One of the funnier aspects of this, though, is our impulse to turn the camera from landscape to portrait even when we're shooting 1:1. The scene doesn't crop any differently, but we sense the subject is tall or wide and try to optimize our framing anyway.

Old habits die hard.

But it isn't entirely antiquated. Sometimes shooting on the diagonal does the trick very nicely. You don't have to remain square when you shoot 1:1.

The pity of this composition fun is that the dSLR (or the smartphone) doesn't much accommodate it. Sure, it drops into 16:9 when you start shooting HD movies (and 4:3 for SD movies) but you can forget 4:3 and 1:1.

Fortunately, the smaller mirrorless cameras have inherited the wide range of digicam aspect ratio choices.
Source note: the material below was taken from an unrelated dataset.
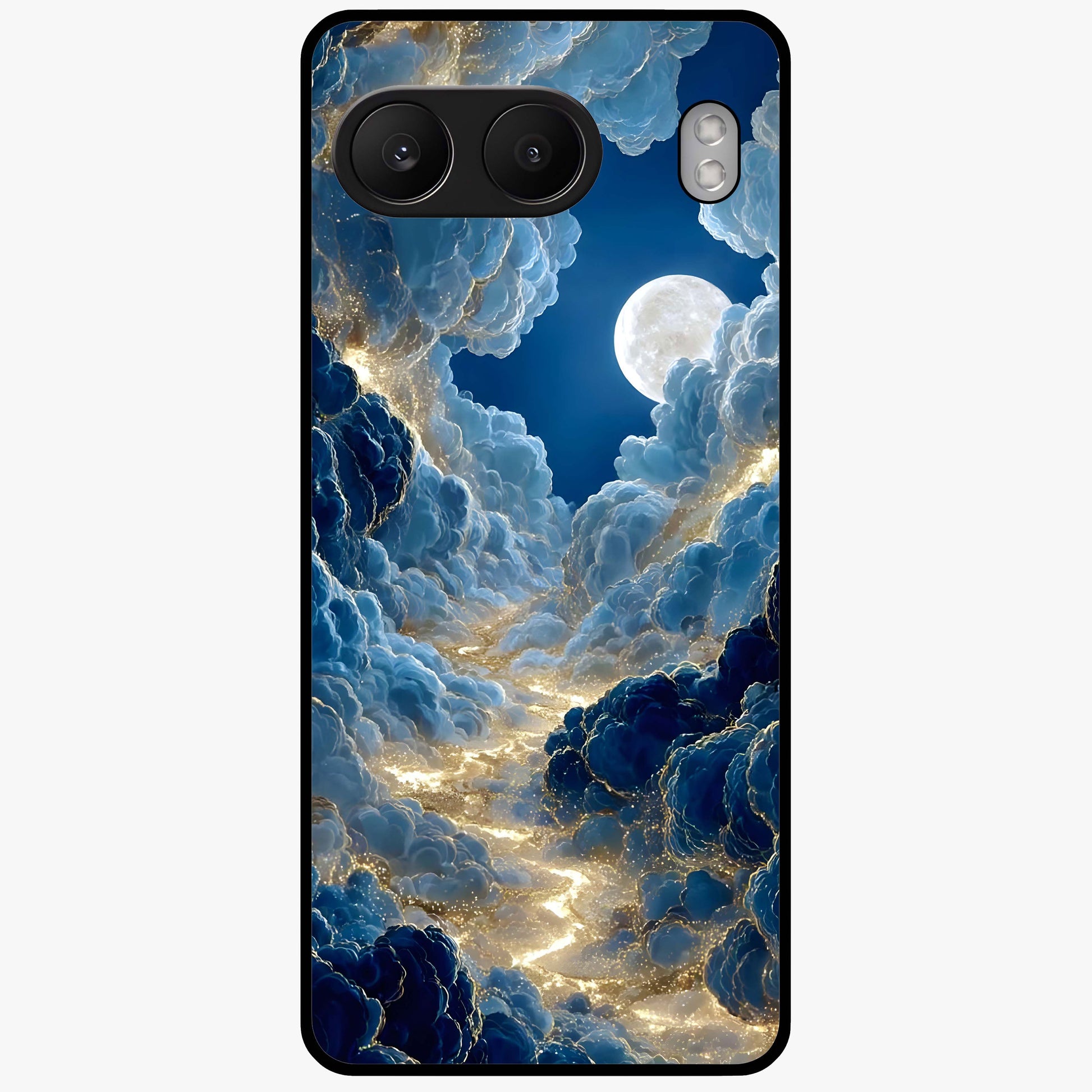 Celestial Cloud Path Glass Case for 1+Nord 4 serene front view featuring dreamy cloud pathway artwork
You can often find them hidden away in the menu system, although we really applaud Panasonic's digicam habit of putting them on a physical switch right on the lens barrel.

Diagonal. Cutting across the frame.

This is certainly something to think about.

When you're in the field shooting, the camera frames the scene differently than your eyes presented it. A 16:9 aspect ratio exaggerates the height or length of the subject while a 1:1 crop discounts any one dimension significantly, emphasizing some other quality in the scene.

But even if your camera isn't adroit enough to shoot in more than one aspect ratio, you can do this in post production. Much as we used to do with the blades of a Saunders easel, we might add. Just crop the image.

We had a lot of fun massaging those Friday slide show images. What should be straight? Where's the middle of the frame? What about that rule of thirds when it comes to a 1:1 aspect ratio?

Those are questions that animate our editing and add a little life to the show, too.


Comments

I use Nikon. The only camera that I own that does a square is the P7000 and that only in JPEG mode. At least if I want to see how it would look I can go to crop mode to do it. My other cameras are the Nikon D600 and V1. I wish they would shoot a square Raw image but I guess I will need to go to another camera maker to get that. I love the square black and white look.